Single Vs Multiple Biomarkers of Cancer
Because cancer is a polygenic disease, most diagnostic assessments would probably rely on multiple biomarkers. Although few biomarkers may be needed for testing for predisposition, possibly more would be required for early detection, prognosis prediction, and determination of drug response. Such biomarkers might be qualitative for predisposition tests and early detection of lesions, but quantitative for determining differential gene expression (as may be required for determining prognosis and drug response). If gene expression is not confined to a single library, it should be at least eight times the level of expression in the other library to be statistically significant.
Cancer is a product of the tissue microenvironment. Therefore, interactions between the cancer cells, the surrounding epithelial and stromal cells, vascular channels, the extracellular matrix, and the immune system are the ultimate determinant of the final pathology. Cell-surface antigens and receptors, cell-anchored and secreted enzymes, cytokines, and extracellular matrix molecules are the mode of communication between disease cells and the surrounding microenvironment. The outcome is a complex cascade of molecules available for sampling by the ongoing vascular perfusion. Low molecular weight peptides in the blood may comprise a recording of events in the disease microenvironment. The peptidome signature shed from the microenvironment is a reflection of the microenvironment as a whole. In case of cancer biomarkers, cancer specificity is not derived from proteins secreted exclusively by tumor cells. MS profiling indicates that a higher level of both specificity and sensitivity might be achieved by measuring the combination of biomarkers emanating from both the diseased cells and the reactive cells in the microenvironment. In this way the peptidome can potentially supplant individual single biomarkers and transcend the issues of tumor and population heterogeneity.
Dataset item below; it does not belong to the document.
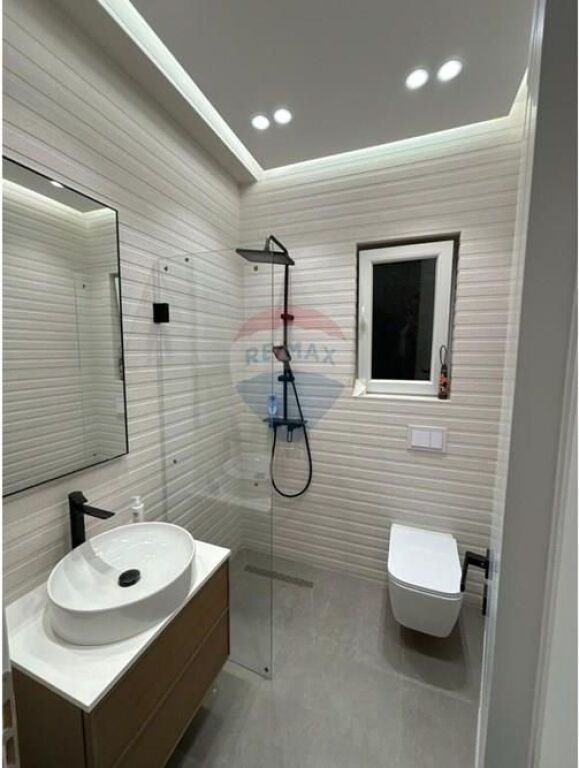 Apartament - Për Qira - Kopshti Botanik, Tiranë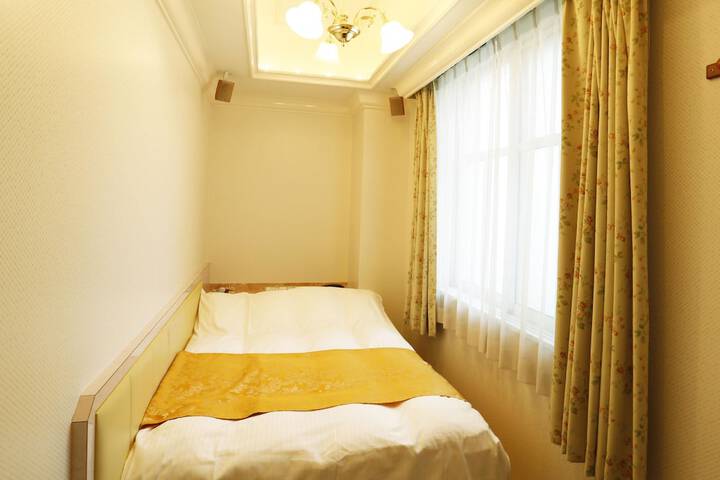 Room 6 of 27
Therefore, trend in biomarker discovery is moving away from the ideal single, cancer-specific biomarker such as prostate specific antigen. Despite decades of effort, most single biomarkers have not reached the level of cancer specificity and sensitivity required for routine clinical use in early detection and screening purposes. A growing confluence of scientific data and results point to combinations of blood-borne markers using MS profiling techniques as well as tissue MS profiling strategies, and multiplexed immunoassay providing more superior results than single markers alone.
Genetic alterations in tumor cells often lead to the emergence of growth- stimulatory autocrine and paracrine signals, involving overexpression of secreted peptide growth factors, cytokines, and hormones. Increased levels of these soluble proteins may be exploited as markers for cancer diagnosis and management or as points of therapeutic intervention. The combination of annotation/protein sequence analysis, transcript profiling, immunohistochemistry, and immunoassay is a powerful approach for delineating candidate biomarkers with potential clinical significance.